Met in de laatste processtap van een machine onderdeel
een oppervlaktebehandeling, bijvoorbeeld een coating met een dikte van
slechts enkele duizendste van een millimeter, kan de levensduur sterk
worden verbeterd. Maar er kan meer...
- Oppervlaktetechniek heeft betrekking op het proces
(de oppervlakte- behandeling), terwijl oppervlakte technologie
betrekking heeft op de kennis (eigenschappen, keuze en selectie van
oppervlaktetechnieken etc.).
- Behalve een indeling van de oppervlaktetechnieken naar het
procesmedium, is een alternatieve indeling mogelijk naar
behandelingen in het oppervlak zoals anodiseren,
carboneren, ionenimplantatie, harden, shotpeenen en behandeling op
het oppervlak waarbij een nieuw materiaal wordt opgebracht.
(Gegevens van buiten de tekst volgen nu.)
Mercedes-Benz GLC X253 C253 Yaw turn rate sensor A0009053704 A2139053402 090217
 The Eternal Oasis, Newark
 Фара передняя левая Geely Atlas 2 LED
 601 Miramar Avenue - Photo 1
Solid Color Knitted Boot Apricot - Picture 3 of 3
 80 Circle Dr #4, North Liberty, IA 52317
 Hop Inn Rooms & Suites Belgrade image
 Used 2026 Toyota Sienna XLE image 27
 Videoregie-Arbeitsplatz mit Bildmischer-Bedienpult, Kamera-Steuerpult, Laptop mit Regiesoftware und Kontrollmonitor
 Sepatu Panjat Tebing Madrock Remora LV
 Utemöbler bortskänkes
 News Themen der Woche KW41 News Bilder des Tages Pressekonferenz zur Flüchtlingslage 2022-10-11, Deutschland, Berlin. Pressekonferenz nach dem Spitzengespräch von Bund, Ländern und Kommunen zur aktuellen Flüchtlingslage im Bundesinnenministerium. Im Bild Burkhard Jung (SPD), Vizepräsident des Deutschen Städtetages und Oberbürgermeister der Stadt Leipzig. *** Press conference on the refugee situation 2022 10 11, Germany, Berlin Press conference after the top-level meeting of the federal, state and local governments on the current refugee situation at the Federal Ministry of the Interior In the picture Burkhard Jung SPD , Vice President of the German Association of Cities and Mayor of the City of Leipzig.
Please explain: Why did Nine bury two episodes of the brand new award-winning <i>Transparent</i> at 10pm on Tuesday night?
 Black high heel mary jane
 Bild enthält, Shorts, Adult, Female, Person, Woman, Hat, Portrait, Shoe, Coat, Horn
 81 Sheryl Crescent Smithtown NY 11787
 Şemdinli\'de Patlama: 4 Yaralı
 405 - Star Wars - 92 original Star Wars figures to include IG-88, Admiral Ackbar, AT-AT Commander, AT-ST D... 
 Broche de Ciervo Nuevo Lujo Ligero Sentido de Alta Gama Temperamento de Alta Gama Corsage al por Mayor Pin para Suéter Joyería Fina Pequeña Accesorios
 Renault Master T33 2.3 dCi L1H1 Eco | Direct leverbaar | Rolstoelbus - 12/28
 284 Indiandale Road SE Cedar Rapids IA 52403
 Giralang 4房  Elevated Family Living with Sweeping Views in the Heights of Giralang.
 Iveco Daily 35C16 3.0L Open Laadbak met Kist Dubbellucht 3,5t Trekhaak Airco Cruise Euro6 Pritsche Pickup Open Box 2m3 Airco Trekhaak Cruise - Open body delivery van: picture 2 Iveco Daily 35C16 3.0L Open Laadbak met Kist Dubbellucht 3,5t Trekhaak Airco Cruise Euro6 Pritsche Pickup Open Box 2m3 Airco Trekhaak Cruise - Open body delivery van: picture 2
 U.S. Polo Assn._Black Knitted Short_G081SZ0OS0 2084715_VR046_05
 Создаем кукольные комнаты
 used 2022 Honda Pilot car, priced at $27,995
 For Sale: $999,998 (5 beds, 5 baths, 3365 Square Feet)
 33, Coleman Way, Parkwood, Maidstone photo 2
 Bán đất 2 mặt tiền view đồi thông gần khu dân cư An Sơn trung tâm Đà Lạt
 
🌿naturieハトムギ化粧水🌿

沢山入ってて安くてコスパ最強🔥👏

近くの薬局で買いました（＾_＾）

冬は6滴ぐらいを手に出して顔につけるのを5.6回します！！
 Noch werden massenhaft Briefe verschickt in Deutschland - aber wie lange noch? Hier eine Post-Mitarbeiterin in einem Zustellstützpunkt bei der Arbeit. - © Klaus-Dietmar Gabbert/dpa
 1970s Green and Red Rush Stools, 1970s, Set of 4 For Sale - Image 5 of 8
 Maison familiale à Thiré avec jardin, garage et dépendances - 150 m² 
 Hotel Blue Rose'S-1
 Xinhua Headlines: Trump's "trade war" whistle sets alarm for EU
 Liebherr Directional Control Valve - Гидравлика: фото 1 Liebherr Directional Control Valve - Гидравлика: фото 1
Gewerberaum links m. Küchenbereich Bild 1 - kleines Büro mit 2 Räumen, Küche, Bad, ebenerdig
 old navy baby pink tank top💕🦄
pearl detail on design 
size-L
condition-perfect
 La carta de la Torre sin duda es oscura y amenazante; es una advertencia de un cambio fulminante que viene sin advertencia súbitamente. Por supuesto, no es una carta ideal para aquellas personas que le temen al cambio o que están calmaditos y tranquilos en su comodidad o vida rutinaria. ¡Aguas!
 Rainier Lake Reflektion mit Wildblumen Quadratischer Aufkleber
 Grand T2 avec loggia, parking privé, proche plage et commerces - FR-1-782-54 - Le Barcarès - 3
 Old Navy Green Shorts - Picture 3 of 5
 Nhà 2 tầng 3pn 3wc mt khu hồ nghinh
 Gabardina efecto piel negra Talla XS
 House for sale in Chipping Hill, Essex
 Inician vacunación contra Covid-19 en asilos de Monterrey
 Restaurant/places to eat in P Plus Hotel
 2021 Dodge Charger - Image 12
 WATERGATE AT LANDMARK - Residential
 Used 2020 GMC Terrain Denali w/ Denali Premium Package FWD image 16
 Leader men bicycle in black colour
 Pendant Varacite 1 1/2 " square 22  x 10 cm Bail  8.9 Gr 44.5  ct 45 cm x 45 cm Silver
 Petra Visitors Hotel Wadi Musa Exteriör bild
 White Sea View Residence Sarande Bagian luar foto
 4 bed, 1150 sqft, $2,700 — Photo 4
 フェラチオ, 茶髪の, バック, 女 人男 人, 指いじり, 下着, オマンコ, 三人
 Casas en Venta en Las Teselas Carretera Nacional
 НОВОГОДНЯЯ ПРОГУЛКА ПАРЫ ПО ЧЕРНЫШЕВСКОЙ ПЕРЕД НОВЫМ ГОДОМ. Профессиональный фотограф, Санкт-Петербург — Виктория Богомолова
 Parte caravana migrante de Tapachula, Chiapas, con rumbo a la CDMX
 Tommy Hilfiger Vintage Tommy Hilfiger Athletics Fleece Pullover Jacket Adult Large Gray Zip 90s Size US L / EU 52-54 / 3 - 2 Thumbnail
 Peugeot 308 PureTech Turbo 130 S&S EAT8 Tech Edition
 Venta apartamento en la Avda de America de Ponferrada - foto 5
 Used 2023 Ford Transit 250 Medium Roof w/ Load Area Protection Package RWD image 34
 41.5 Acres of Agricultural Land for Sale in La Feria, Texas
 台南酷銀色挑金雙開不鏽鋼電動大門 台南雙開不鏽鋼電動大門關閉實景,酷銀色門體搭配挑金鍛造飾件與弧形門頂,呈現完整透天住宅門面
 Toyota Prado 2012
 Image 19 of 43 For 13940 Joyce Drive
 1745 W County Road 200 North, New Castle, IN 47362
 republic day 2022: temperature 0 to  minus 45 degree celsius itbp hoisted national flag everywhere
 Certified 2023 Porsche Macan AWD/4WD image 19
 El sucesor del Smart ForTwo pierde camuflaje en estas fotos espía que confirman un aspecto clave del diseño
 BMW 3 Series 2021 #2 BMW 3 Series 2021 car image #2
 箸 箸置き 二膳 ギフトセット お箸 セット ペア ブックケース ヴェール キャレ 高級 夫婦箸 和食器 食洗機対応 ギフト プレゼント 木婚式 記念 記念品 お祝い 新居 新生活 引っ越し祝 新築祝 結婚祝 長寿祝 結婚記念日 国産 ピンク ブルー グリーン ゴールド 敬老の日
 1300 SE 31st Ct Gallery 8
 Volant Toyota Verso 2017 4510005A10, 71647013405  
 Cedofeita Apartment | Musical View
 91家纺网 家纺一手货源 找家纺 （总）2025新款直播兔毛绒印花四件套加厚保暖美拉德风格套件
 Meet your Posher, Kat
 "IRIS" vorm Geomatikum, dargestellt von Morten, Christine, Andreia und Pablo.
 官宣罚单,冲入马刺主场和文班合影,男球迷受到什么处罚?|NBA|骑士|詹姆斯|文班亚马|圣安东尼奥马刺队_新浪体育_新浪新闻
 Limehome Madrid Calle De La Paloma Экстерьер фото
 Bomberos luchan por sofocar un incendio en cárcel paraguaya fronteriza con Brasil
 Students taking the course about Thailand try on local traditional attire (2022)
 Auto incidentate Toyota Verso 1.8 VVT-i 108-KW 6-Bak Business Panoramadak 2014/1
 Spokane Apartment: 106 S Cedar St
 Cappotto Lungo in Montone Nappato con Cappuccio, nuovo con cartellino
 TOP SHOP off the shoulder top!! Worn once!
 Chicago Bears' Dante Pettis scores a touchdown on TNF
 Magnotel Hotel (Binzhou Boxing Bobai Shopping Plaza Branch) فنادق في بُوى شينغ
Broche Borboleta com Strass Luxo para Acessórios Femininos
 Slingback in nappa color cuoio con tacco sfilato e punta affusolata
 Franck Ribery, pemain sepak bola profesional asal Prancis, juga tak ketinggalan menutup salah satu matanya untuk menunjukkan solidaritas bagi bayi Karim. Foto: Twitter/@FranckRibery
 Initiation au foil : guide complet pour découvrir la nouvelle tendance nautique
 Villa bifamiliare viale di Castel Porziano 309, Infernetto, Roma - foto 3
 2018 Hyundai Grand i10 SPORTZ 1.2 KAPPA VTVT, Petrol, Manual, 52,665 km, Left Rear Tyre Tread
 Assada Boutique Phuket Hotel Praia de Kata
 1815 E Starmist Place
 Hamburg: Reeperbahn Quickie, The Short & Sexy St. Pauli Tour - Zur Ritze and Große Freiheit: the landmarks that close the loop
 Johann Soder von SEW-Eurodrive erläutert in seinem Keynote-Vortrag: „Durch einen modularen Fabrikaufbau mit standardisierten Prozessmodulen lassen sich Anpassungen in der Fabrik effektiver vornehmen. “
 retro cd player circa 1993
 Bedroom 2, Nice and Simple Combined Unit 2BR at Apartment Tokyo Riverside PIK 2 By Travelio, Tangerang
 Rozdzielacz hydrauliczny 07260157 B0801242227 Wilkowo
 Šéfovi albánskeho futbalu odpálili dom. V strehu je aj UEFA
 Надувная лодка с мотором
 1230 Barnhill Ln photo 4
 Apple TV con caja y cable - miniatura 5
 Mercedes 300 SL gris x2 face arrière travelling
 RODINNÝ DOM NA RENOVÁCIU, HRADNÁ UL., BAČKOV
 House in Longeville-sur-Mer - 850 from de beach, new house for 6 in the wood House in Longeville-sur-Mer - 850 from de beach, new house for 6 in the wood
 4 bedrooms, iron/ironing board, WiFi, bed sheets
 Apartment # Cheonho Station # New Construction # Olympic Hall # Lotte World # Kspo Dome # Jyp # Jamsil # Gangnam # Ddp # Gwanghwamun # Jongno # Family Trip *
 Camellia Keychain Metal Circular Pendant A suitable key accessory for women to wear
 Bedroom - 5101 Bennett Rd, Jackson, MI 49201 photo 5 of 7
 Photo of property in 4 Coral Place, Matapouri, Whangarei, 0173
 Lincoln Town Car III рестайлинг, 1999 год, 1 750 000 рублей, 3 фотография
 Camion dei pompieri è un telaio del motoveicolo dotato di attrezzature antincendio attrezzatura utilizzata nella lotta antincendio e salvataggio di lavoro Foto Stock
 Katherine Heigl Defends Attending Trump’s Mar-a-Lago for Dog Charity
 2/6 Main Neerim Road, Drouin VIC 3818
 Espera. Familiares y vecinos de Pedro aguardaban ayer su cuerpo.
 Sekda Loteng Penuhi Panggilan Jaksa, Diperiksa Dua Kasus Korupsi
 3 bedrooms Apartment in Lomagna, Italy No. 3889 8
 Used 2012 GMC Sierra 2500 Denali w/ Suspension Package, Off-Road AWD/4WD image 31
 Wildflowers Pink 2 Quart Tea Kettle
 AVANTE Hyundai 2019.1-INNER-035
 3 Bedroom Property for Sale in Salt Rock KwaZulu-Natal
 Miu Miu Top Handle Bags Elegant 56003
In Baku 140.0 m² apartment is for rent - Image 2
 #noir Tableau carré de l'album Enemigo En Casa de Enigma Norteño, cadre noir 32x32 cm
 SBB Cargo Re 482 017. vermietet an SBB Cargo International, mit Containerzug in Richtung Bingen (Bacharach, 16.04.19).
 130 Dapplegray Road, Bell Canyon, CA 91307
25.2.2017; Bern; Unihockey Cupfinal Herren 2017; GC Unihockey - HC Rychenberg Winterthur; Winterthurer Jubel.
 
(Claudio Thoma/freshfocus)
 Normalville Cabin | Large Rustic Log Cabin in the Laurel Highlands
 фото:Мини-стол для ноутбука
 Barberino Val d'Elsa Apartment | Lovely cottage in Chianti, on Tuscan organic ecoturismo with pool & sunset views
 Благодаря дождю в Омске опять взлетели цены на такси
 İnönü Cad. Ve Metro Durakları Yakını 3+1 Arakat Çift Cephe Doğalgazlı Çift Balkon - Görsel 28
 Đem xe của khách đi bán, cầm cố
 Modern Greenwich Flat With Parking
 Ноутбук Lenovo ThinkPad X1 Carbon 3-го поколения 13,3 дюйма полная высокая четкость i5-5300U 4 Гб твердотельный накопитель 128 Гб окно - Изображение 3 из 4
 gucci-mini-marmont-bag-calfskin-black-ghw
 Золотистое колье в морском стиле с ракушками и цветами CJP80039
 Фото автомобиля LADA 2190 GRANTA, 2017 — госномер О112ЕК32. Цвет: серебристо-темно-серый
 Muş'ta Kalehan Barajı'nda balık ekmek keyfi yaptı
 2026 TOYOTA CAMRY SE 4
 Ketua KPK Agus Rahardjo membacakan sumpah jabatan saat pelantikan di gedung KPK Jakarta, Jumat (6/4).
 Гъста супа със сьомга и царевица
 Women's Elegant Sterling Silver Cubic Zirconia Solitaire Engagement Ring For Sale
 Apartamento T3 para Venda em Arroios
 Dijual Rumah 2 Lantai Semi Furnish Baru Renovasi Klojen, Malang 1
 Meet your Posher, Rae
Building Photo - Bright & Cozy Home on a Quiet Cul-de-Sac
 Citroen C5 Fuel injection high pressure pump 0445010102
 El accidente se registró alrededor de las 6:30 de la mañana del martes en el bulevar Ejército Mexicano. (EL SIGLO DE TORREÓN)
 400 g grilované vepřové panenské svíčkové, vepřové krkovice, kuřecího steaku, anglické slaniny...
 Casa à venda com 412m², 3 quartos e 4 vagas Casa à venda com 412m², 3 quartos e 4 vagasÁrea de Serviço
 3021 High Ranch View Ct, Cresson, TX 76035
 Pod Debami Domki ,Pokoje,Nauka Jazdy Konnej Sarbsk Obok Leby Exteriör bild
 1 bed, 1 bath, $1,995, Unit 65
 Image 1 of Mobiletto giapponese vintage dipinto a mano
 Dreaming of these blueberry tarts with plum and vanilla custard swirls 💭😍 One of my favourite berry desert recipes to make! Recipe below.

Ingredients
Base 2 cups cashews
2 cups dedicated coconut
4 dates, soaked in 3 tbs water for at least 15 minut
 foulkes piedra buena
- Oppervlaktetechnieken resulteren in een verbetering van het
oppervlak, het zogenaamde veredelen van het oppervlak. De subgroep
waarbij een nieuw materiaal op het oppervlak wordt aangebracht valt
onder de deklagen (coatings).
- Bij een opgebrachte deklaag is een geringe
verbindingszône aanwezig tussen deklaag en substraat. Bij een diffusie
deklaag, bijvoorbeeld ingediffundeerd aluminium, ontbreekt
deze verbindingszône. Het substraat gaat geleidelijk over in een
diffusiezône en een diffusielaag.
- Tot de moderne dunnelagentechnieken behoren PVD,
CVD, ionenimplantatie, lasertechnieken en combinaties hiervan (<
30µm laagdikte).
- Voor de dunnelagentechnieken is dure apparatuur nodig (deklaag
tussen de 2000 en 5000 gulden per vierkante meter). Relatief
goedkoop zijn de galvanisch / chemische processen (stroomloos
nikkel, hardchroom, 10 resp. 30 gulden per vierkante meter).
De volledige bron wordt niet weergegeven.